C’è chi dice che nel Monferrato si mangi meglio che nel resto del Piemonte.
Forse perché storicamente è sempre stata crocevia di rotte commerciali che collegavano Piemonte, Liguria e pianura Padana. A ciò si aggiungano le cause legate sia alle caratteristiche morfologiche di un territorio che non è solo collina ma anche pianura a vocazione orticola, sia a una stratificazione sociale fatta di mille mestieri umili e di corporazione rispecchiati ancora oggi nei piatti preparati alla maniera “dei carrettieri”, “dei mercanti di bestiame”, dei “bovari”. Una cucina che – basata sulle trippe e gli zampini di maiale, i ceci con la testina, la coda di bue, le carni lesse – inventerà i famosi carpioni. Usanza delicatissima e geniale per conservare nel tempo – fritte e “carpionate” in aceto e salvia – la carne, le uova e le zucchine ma anche i pesci d’acqua dolce.

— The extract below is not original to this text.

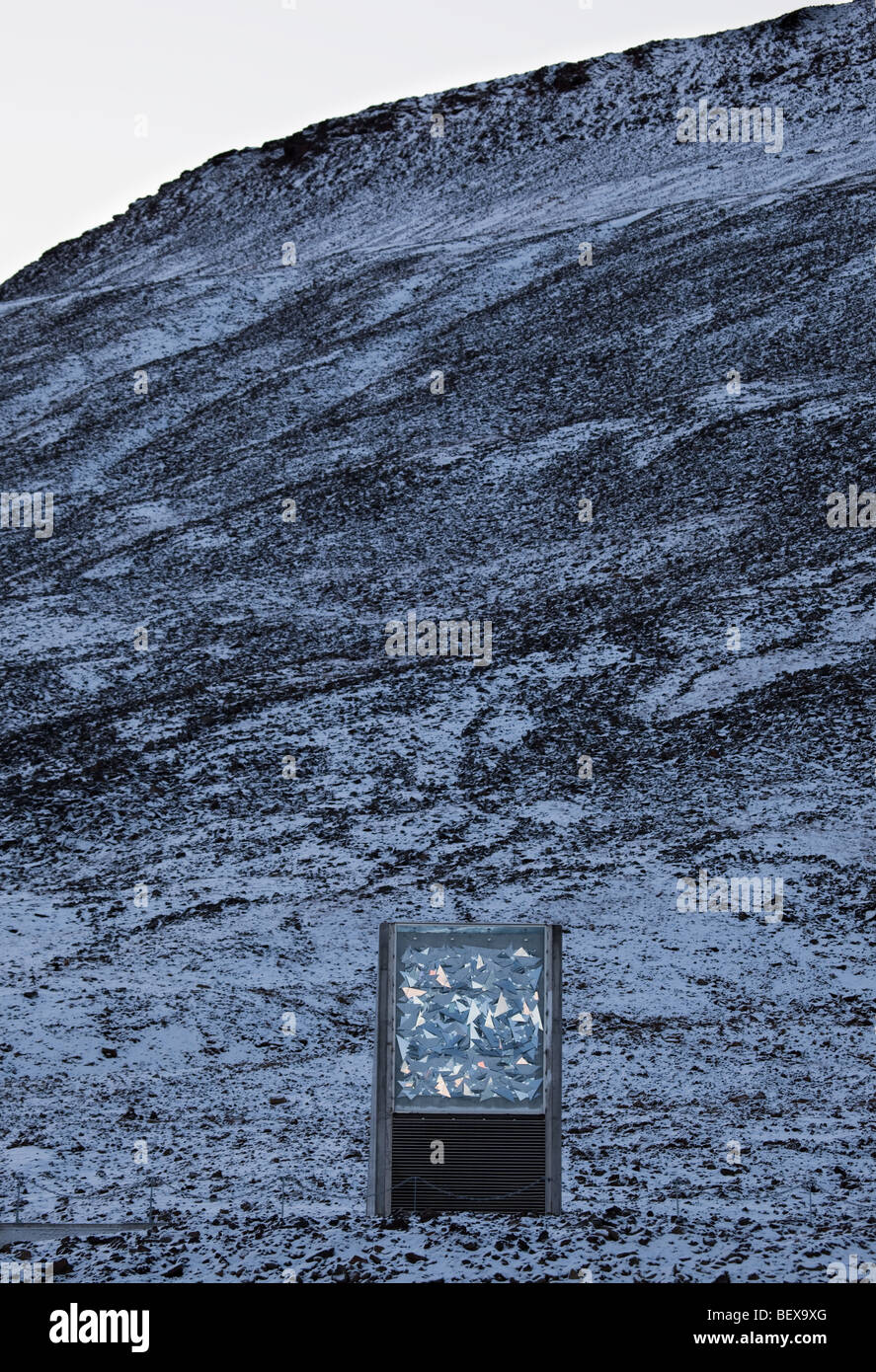 La Global Seed Vault, à Longyearbyen, Spitsbergen, Svalbard, en Norvège, un référentiel global pour les semences du monde entier Banque D'Images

Ad altre tradizioni culinarie apparteneva quel salame “cotto” fatto di ritagli di maiale e lardo tipico delle osterie dei mercati, mentre cibo “da muratori” era la polenta condita col bruss, crema ottenuta dalla rifermentazione degli avanzi di formaggio. Sulle tavole più povere, se il piatto unico – la polenta – restava invariato, la creatività si applicava a salse e intingoli: bagne di cipolla, aglio ed erbe profumate, a base di prezzemolo come il bagnèt verd, o di brodo, pane, aceto, scalogno e cipollotto come la bagna del pòvr’òm o la cugnà, salsa d’uva ottenuta cuocendo il mosto per almeno dieci ore con pere, fichi, noci e nocciole.